Il est d'abord envisagé de recruter les bateliers haleurs dans la population de Saint-Mammès, mais aussi parmi les ouvriers au chômage de Nemours, au prix ordinaire habituellement pratiqué. Les hommes de Briare vont semer le trouble dans une situation déjà bien agitée : offrant leurs services à prix moindres pour retourner dans leur cité après le halage des bateaux descendant sur Paris, ils exercent ainsi une concurrence déloyale que l'entrepreneur du transport refusera sagement. Habilement, il accordera certes ses préférences toujours au prix ordinaire aux hommes de Saint-Mammès, mais il les arrêtera à Montargis où il les fera relayer par les haleurs de Briare : il aura en plus à tenir compte des recrues volontaires des localités traversées. La diplomatie et la fermeté sont souvent battues en brèche dans un pays en ébullition permanente. La faim fait sortir les loups du bois. Dans l’espoir de limiter les troubles éventuels et d’assurer une efficacité maximum au remorquage des convois, des instructions sont communiquées aux mariniers de Saint-Mammès et Nemours, les enjoignant d'ouvrir un registre dans leurs communes pour fixer les tours de halage, de prévoir des réquisitions afin d'éviter toute interruption dans la progression des convois, de s'entendre enfin pour tout problème concernant le remorquage avec le délégué de l'agent civil préposé au transport et non avec l'administration militaire. Cet espoir sera hélas souvent déçu par l'intervention violente de meneurs qui provoqueront la désertion des équipes de halage suivie d'altercations avec les colons et l'état-major ; la présence du procureur de la République aidé de gendarmes et de carabiniers deviendra alors nécessaire pour calmer les esprits.

Dans ce récit, la ville de Montargis se distingue particulièrement par son hostilité déclarée envers les partageux et des incidents violents s'y produiront. Ainsi, lors du passage du 11e convoi et du remplacement des haleurs, les menaces seront telles que le capitaine Schmitz n'aura pour seule solution que de débarquer de chaque bateau une douzaine de colons et de leur demander de s'atteler eux-mêmes aux machines, ce qu' ils feront volontiers.

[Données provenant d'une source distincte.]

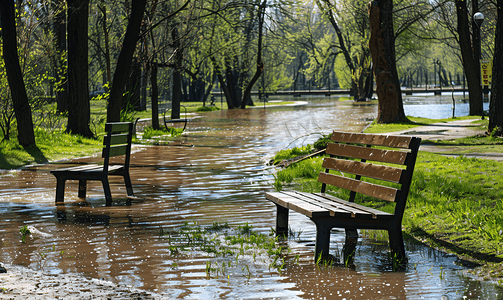 春季洪水淹没了公园的小路和长凳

De tels incidents heureusement isolés contrastent avec le caractère paisible de la vie de nos parisiens sur les canaux.

Le calme d'une navigation lente et régulière, la liberté de pouvoir circuler à terre presque à volonté, retrouvés après les contraintes inconfortables de la navigation en Seine, rassérènent nos émigrants d'autant plus que, hormis quelques Montargeois, les riverains leur font en général un accueil enthousiaste qui vient adoucir quelque peu l'amertume du départ.

L'état-major profite de la quiétude qui règne sur le convoi pour rédiger et adresser à Paris le premier rapport sur le voyage. La mise à jour des dossiers des colons est à présent possible. Chaque futur concessionnaire reçoit son livret où lui sont d'abord rappelés les divers décrets et arrêtés réglant l'entreprise de colonisation où il s’est engagé ; viennent ensuite son signalement et l'état civil complet de la famille qui l'accompagne éventuellement. Puis d'abondantes pages sont réservées pour la future installation en Algérie : nous y trouverons bien entendu dès que possible la situation cadastrale de son habitation, de son jardin, de ses terres dans la colonie, mais aussi régulièrement inscrites tout au long de ses trois années probatoires, toutes les allocations en vivres, matériel, cheptel, qui lui seront attribuées, remboursables en espèces ou en travail.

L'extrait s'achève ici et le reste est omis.